ECJ, Case C‑61/19: Opi­ni­on of the Advo­ca­te General

The pre­sent case (Rs. C‑61/19) con­cerns a legal dis­pu­te bet­ween Oran­ge Româ­nia SA (a tele­com­mu­ni­ca­ti­ons pro­vi­der) and the Roma­ni­an data pro­tec­tion aut­ho­ri­ty. At issue was the Con­sent in the crea­ti­on and reten­ti­on of a Copy of ID in con­nec­tion with con­tract nego­tia­ti­ons with cus­to­mers. The GTC of the pro­vi­der for mobi­le pho­ne con­tracts sta­ted that the cus­to­mer had been infor­med about seve­ral points and had given his con­sent, inclu­ding the crea­ti­on and reten­ti­on of a copy of his ID.

The super­vi­so­ry aut­ho­ri­ty was of the opi­ni­on that the­re was a lack of a effec­ti­ve con­sent. The Bucha­rest Regio­nal Court the­r­e­fo­re refer­red the fol­lo­wing que­sti­ons to the ECJ:

1. what con­di­ti­ons must be ful­fil­led within the mea­ning of Artic­le 2(h) of Direc­ti­ve 95/46 in order for a decla­ra­ti­on of intent to be regard­ed as a for the spe­ci­fic case and in know­ledge of the facts can be con­side­red to have taken place?

2. what con­di­ti­ons must be ful­fil­led within the mea­ning of Artic­le 2(h) of Direc­ti­ve 95/46 in order for a decla­ra­ti­on of inten­ti­on to be regard­ed as Wit­hout coer­ci­on can be con­side­red to have taken place?

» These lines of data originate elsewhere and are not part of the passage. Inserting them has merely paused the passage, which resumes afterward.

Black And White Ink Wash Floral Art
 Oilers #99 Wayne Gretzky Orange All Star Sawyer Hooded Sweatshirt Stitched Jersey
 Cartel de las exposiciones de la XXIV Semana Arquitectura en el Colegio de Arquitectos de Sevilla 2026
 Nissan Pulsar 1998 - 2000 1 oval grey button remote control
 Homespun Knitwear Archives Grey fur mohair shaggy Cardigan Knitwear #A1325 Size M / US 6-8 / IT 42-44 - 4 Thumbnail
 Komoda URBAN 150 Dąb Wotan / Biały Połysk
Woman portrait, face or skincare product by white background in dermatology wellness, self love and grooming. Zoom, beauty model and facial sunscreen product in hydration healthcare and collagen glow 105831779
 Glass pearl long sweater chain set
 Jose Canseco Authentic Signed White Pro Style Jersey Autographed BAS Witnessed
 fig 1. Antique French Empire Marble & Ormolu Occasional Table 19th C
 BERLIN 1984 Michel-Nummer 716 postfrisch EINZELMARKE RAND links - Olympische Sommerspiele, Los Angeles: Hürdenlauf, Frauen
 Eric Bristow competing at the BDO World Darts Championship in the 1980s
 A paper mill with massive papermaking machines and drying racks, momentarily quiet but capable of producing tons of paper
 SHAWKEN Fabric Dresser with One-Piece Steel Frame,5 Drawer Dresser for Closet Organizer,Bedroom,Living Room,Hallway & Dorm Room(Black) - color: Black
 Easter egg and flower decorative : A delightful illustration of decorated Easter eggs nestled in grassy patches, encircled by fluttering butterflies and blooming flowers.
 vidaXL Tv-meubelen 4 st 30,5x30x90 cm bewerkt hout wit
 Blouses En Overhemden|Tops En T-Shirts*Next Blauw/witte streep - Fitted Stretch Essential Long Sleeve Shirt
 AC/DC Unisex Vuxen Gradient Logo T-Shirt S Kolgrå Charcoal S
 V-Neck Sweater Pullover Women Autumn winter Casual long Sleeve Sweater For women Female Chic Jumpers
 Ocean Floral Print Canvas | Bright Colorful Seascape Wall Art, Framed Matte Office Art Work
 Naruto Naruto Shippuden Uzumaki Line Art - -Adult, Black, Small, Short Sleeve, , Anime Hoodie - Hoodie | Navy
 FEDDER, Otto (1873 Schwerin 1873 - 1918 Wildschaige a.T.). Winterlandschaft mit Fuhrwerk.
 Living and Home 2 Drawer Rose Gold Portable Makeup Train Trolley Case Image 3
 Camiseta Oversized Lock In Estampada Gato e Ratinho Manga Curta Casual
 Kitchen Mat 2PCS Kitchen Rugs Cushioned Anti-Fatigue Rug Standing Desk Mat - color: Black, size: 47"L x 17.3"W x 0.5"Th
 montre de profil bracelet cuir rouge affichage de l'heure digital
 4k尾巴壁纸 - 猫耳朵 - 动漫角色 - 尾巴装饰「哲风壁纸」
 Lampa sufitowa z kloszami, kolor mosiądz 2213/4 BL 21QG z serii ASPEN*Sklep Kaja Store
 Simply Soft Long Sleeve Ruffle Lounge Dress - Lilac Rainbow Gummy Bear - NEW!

The Advo­ca­te Gene­ral pro­po­sesto ans­wer the­se que­sti­ons as follows:

A data sub­ject who intends to enter into a con­trac­tu­al rela­ti­on­ship with a com­pa­ny for the pro­vi­si­on of mobi­le com­mu­ni­ca­ti­ons ser­vices does not give the com­pa­ny “con­sent,” i.e., expres­ses not “wit­hout cons­traint, for the spe­ci­fic case and in Know­ledge of the facts“their will, within the mea­ning of Artic­le 2(h) of the [Data Pro­tec­tion Direc­ti­ve] and Artic­le 4(11) of the [GDPR], if it is based on an other­wi­se stan­dar­di­zed con­tract must decla­re hand­writ­ten, that they have Con­sent in making and kee­ping pho­to­co­pies of their iden­ti­ty docu­ments denied.

As part of the rea­so­ning, the Advo­ca­te Gene­ral sta­tes, inter alia, the following:

  • The ECJ has ruled in the Planet49 decis­i­on reco­gnized that a pre-ticked check­box does not lead to con­sent. This applies equal­ly to the ana­log world: Pre­set check­bo­xes mean No acti­ve con­sent of the per­son sig­ning the docu­ment: “The situa­ti­on is not free of doubt. The text may or may not have been read. The “rea­der” may have for­got­ten to do so out of sheer care­less­ness; it is the­r­e­fo­re impos­si­ble to deter­mi­ne cle­ar­ly whe­ther the con­sent was given vol­un­t­a­ri­ly”.
  • The bur­den of pro­of for con­sent lies with the per­son respon­si­ble; “any doubts as to the giving of con­sent by the data sub­ject must be resol­ved by evi­dence to be pro­vi­ded by the data con­trol­ler”.